My gay friends often find it confusing that I openly admit to being attracted to both men and women—like I’m not gay enough for them or something.
My gay friends also find my Christianity confusing sometimes. I always feel like they think I am kind of crazy, maybe even some undercover-straight Christian intent on straightening them out.
My fellow queer Catholic friends often use language that excludes bisexuals. They talk all the time about the need for the church to accept their “gay and lesbian” parishioners, even adding in “transgender” as an afterthought. Bisexuals don’t even get an afterthought mention 90% of the time.
Some of my more conservative Christian friends have not figured out how they should respond to my orientation. They are timid in their words when we talk about it, afraid to say the wrong thing, hurt my feelings, or damage our friendship.
My sister told me that she thought acting on my same-sex attraction would be unhealthy for my spiritual life, bringing me further away from God through sin.
I long for the company of someone who shares my experience. How will I find a Christian who loves my queerness? How will I find a queer who loves my Christianity and my bi-dentity? How will I find another Bi Christian?
All I know is that God is the only one who really understands me.

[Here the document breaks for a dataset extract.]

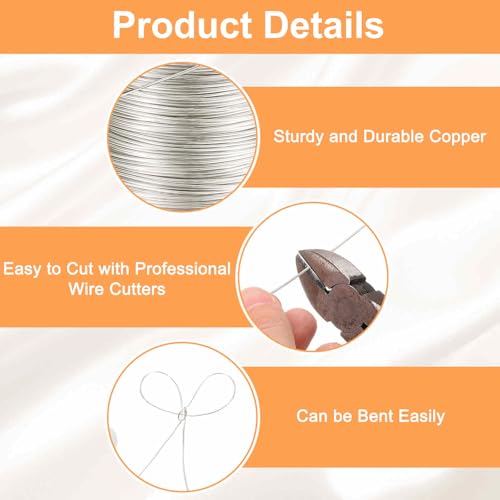 HARFINGTON Wire 203ft Length 24 Gauge Copper Craft Jewelry Wrapping Wire Tarnish Resistant Beading for Jewelry Making Supplies Crafting, White - color: White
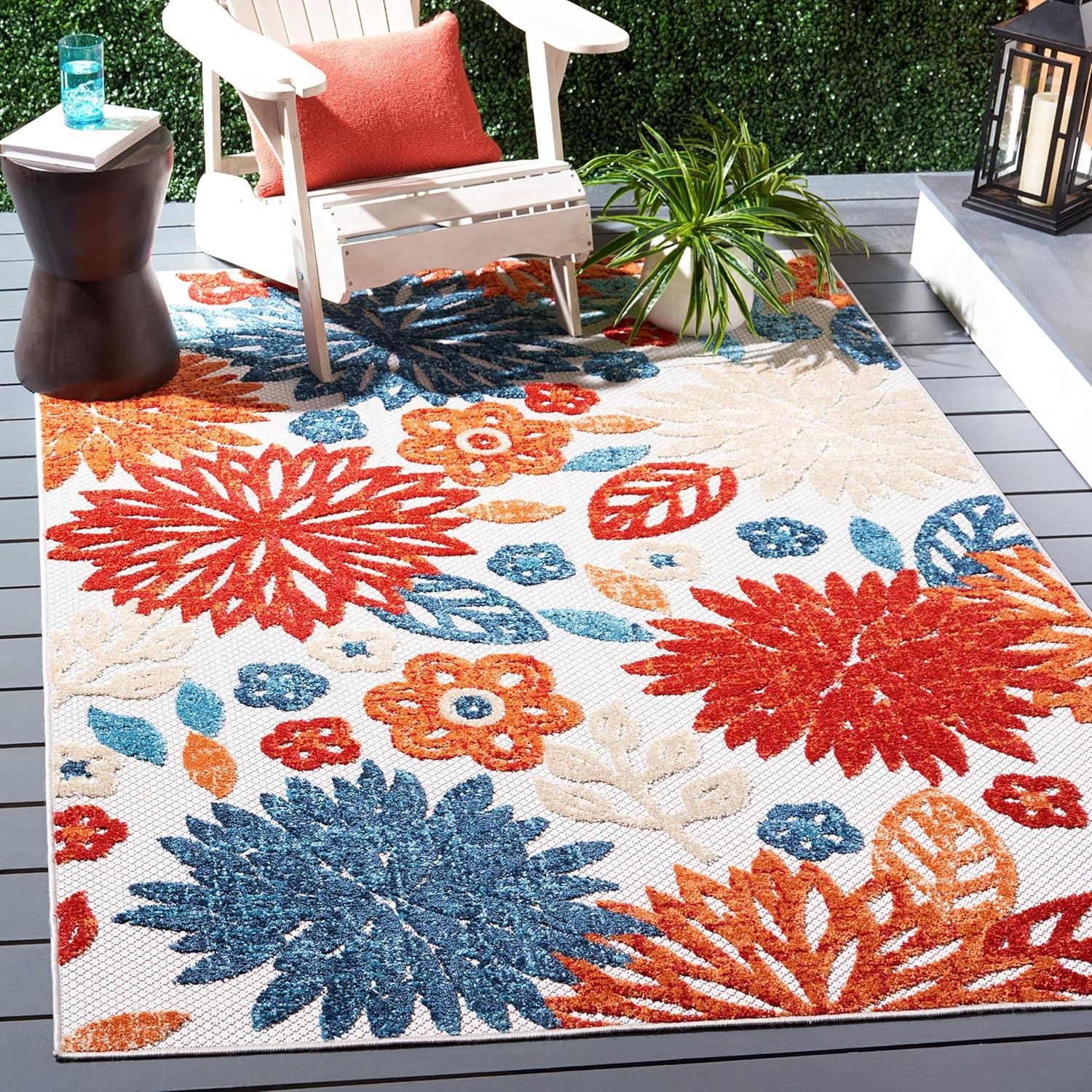 image:imageSAFAVIEH Washable Rug Outdoor Cabana Collection 67 Square Cream amp Red NonShedding amp Easy to Clean Ideal for Patio Backyard Mudroom CBN833ACremeRed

Yet I reject Him every time I whine about not being in a relationship. My relationship with God is all I really need, and until I understand and accept that truth, any relationship I have will fail. I need to not idolize my future partner because if I do I will be disappointed by their inability to be perfect. Only God can be my idol.
I am humble enough to acknowledge that I cannot go through this life alone. Despite my earnest efforts to develop meaningful relationships, I still feel alone. Ah, but that’s just how I feel. I am not alone. I have so many friends and family who love me. I am blessed with a community of Christians who rejuvenate my faith. I have a beautiful community of LGBT friends who support me. And--I’ve got perfect company in my God. All I have to do is let him in and I will never have to feel alone.